Ketua Bidang Otonomi Daerah Gapki Kacuk Sumarto mengatakan bahwa harga acuan ini bisa menjadi alternatif dari dua bursa sebelumnya yakni Rotterdam dan Malaysia.
"Istilah bersaing mungkin dikesampingkan dulu. Tetapi, jika akuntabilitasnya tinggi, maka akan bisa jadi rujukan secara alamiah,” kata Kacuk dalam peluncuran ICPOI, Kamis (12/4/2018).
Staf Ahli Bidang Perdagangan Jasa Kemendag Lasminingsih berpandangan, terobosan PT IKI menarik di tengah dinamika dan transformasi komoditas CPO. “Indonesia sudah saatnya punya kedaulatan. Membuat daya tawar sebagai price taker di tingkat pemasaran regional dan global,” papar Lasminingsih.
Menurutnya, CPO sangat prospektif dalam perdagangan komoditas ke depan.
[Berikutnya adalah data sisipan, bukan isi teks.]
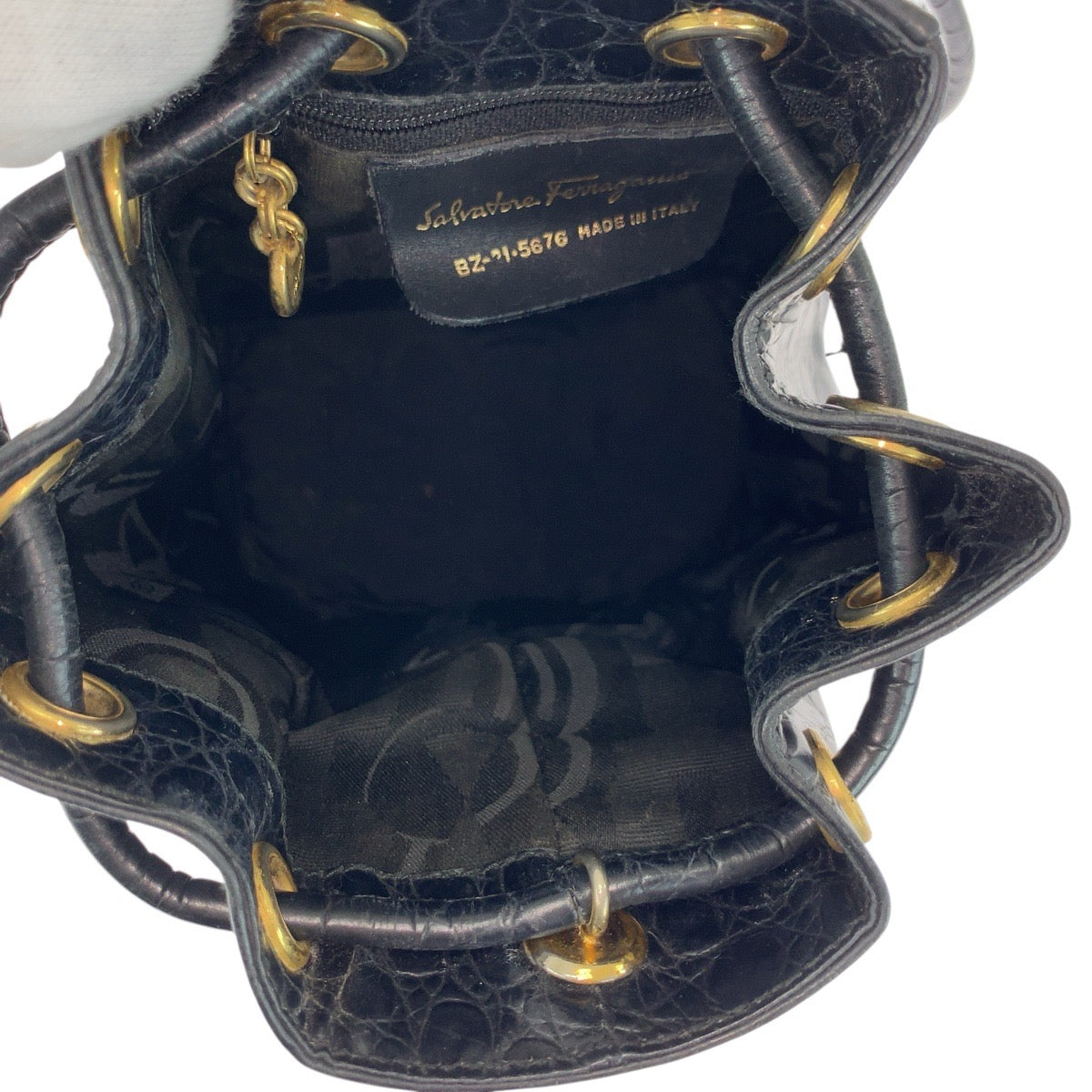 20528
Salvatore Ferragamo サルヴァトーレフェラガモ ヴァラ 型押し ブラック 黒 ゴールド金具 レザー BZ-21-5676 リュック・デイパック レディース ABP28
Dalam 10 tahun terakhir, telah ada peningkatan produksi hingga 54% dari 90,62 juta ton pada 2007 menjadi 197 juta ton di 2017.
CPO dinilai mampu menjawab peningkatan permintaan minyak nabati dunia sebagaimana data FAO yang menunjukkan bahwa permintaan komoditas itu pada 2050 akan mencapai 361 juta ton seiring dengan pertumbuhan populasi dunia.
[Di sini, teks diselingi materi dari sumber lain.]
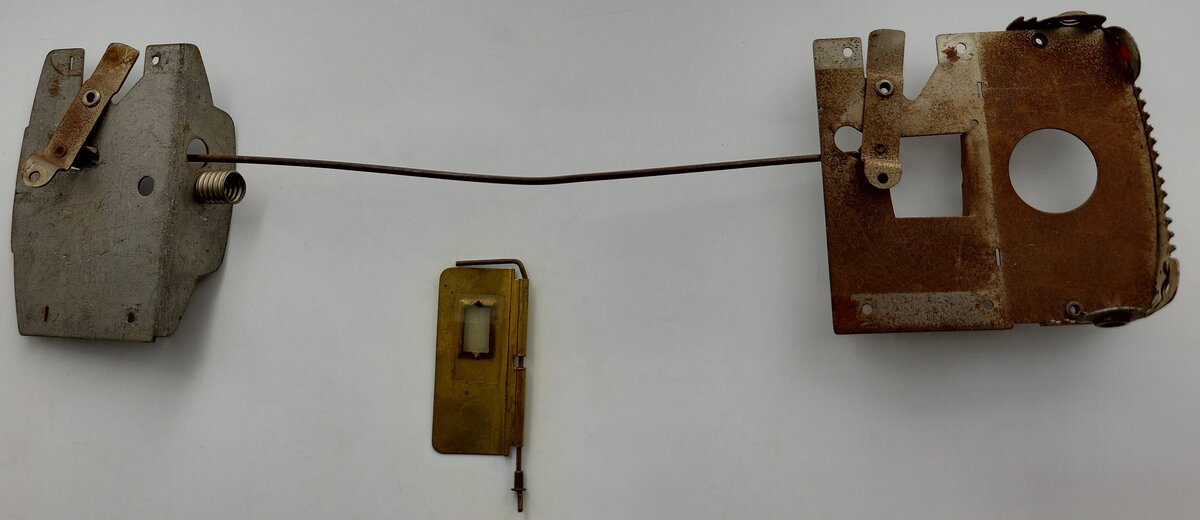 American Flyer 4142-15 Standard Gauge Observation Car Roof Lock Assembly w/ Door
“CPO bisa menjawab itu [permintaan CPO] karena produktivitas sawit tinggi, yaitu 4 ton per hektare, lebih tinggi sekitar 4—10 kali lipat dibandingkan dengan produksi minyak nabati lainnya,” lanjutnya.
Lasminisngsih menambahkan, CPO dan turunannya berperan penting dalam perekonomian Indonesia mengingat komoditas perkebunan tersebut merupakan salah satu dari komoditas unggulan Indonesia.
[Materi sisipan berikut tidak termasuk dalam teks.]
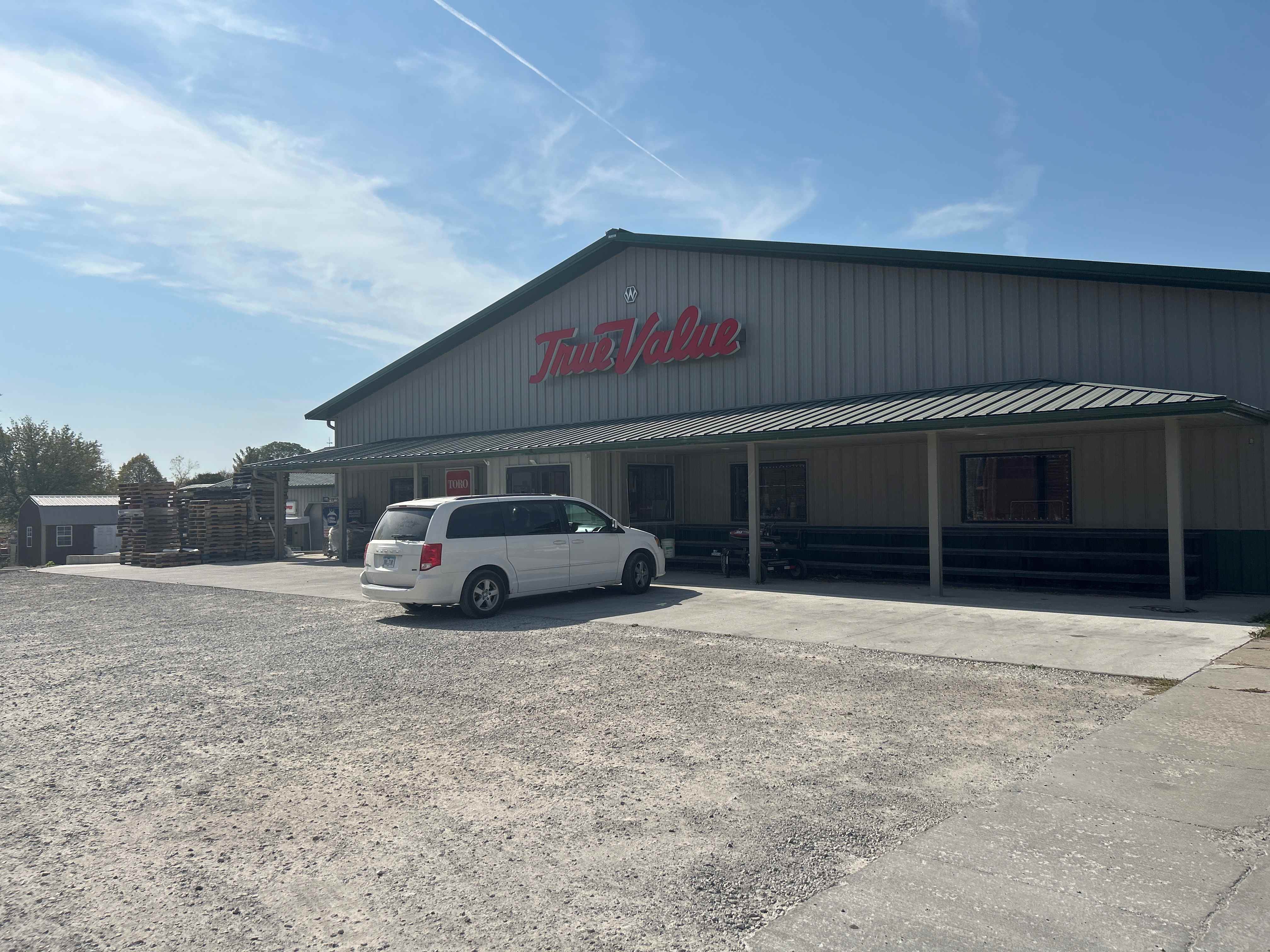 Braden Front of Building and Parking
"CPO memiliki kontribusi sebanyak 14,9% dari ekspor nonmigas dan 13,5% dari total ekspor Indonesia," ujarnya.
Kendati demikian, ada tantangan yang perlu diperhatikan oleh pelaku industri dalam menetapkan teknik yang berkelanjutan ditengah isu pihak internasional, terutama Uni Eropa yang kerap menuding industri CPO Indonesia 'bukan produk yang berkelanjutan'.